If ST.2084 EOTF is defined as the EOTF, then this is a PQ standard that defines a precise relationship between display pixel absolute light output (in nits) and the source video value. This allows you to set a pixel to 100nits, 50nits, 500nits etc. (with the display handling pixel values that it cannot display correctly)

If HLG (ARIB B-67) EOTF is defined then this flags that the video is in Hybrid Log Gamma format, which doesn't mandate a fixed light-output to pixel-value mapping, but does define how this content should be displayed on a high dynamic range display.

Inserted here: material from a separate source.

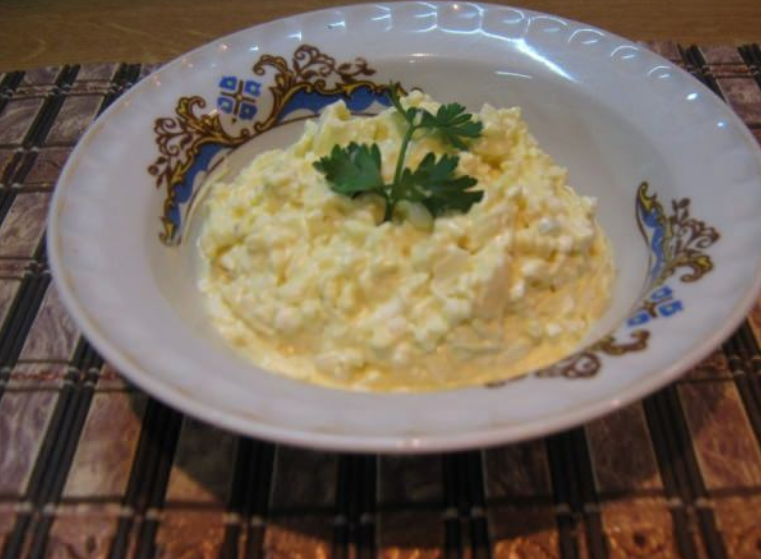 A simple snack recipe with cheese and garlic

HLG is backwards compatible with SDR (the EOTF tracks the SDR Power Law Gamma EOTF for around 60-70% of the dynamic range) within the same colour gamut, whereas ST.2084 is totally different to SDR Power Law Gamma EOTF.

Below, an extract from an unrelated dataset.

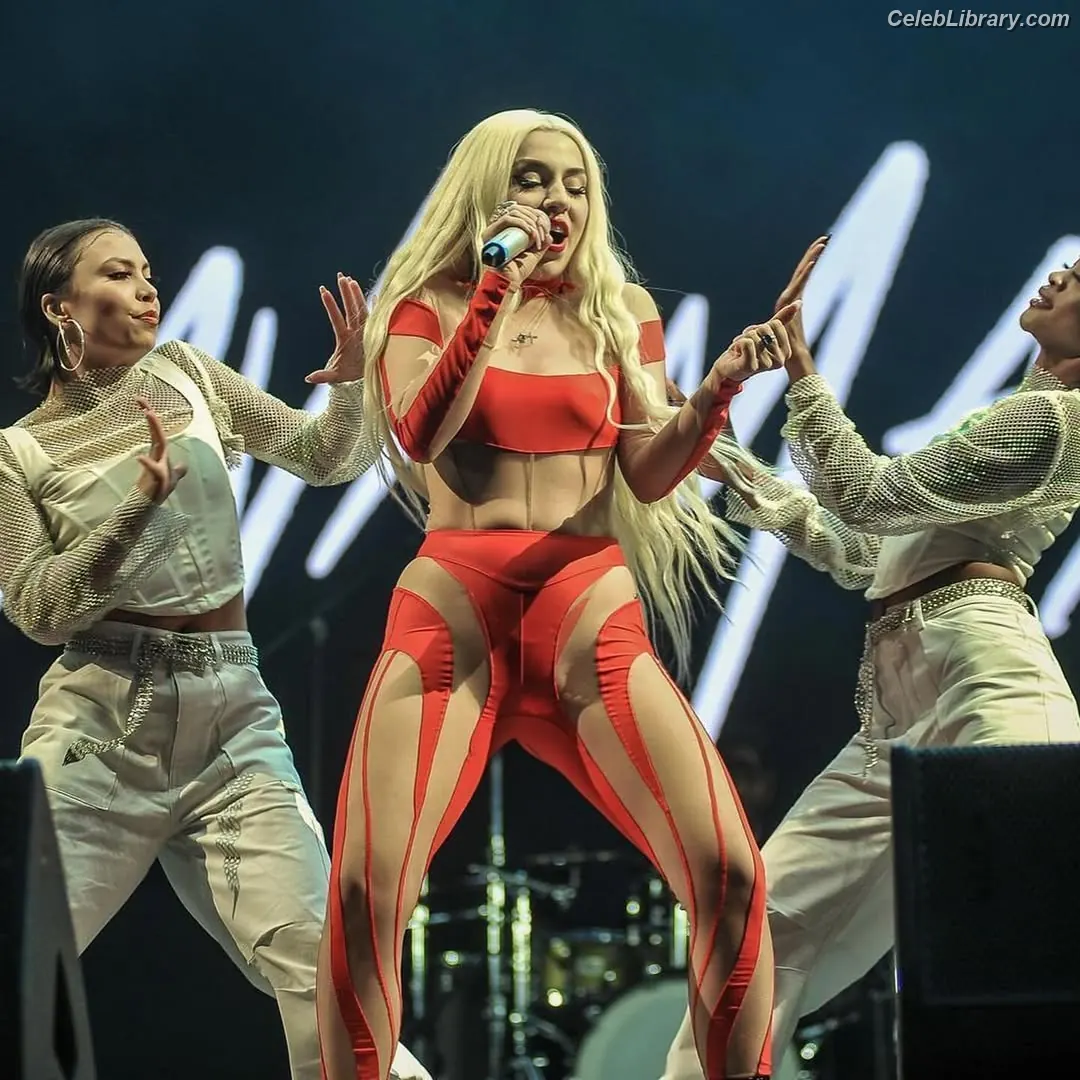 Ava Max photo 8 of 2135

In other words - HLG treated as SDR looks 'OK' (within the same colour gamut), HDR10 doesn't.

- though in consumer video pretty much all HDR content is Rec 2020.

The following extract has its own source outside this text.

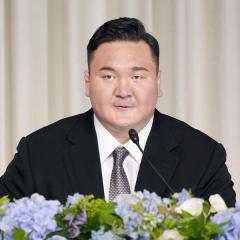 元横綱白鵬は会見で否定も、隠し切れない照ノ富士との根深い確執…「まったくない」かえって不自然のイメージ画像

And here we are. Seems in consumer practice HDR content is that content what use more then 10 bit resolution to store luminance values and have wide color gamut (perhaps P3 in HDR10 and BT.2020 in Dolby Vision but you know it better). So technically one 10 bit and originally BT.2020 targeted file in theory is a HDR file. On SDR display devices these files need DCR (it's type is irrelevant). And at this point we did not talked about the tone curve to store those color*luminance values properly aligned to real world luminances. Just got the facts that the file 10 bit and it's color values need to targeted to BT.2020 RGB primaries. And here I directly not go further as from this point the viewing environment also such important that the file content itself (and the display device). For proper dynamic range we should define one exact viewing environment and use a display device what can really reach some required luminance results, etc. I think (and you now) Dolby Vision and HDR10 as standards contain these type of regulations. But we from the aspect of Kodi sadly not yet arrived here.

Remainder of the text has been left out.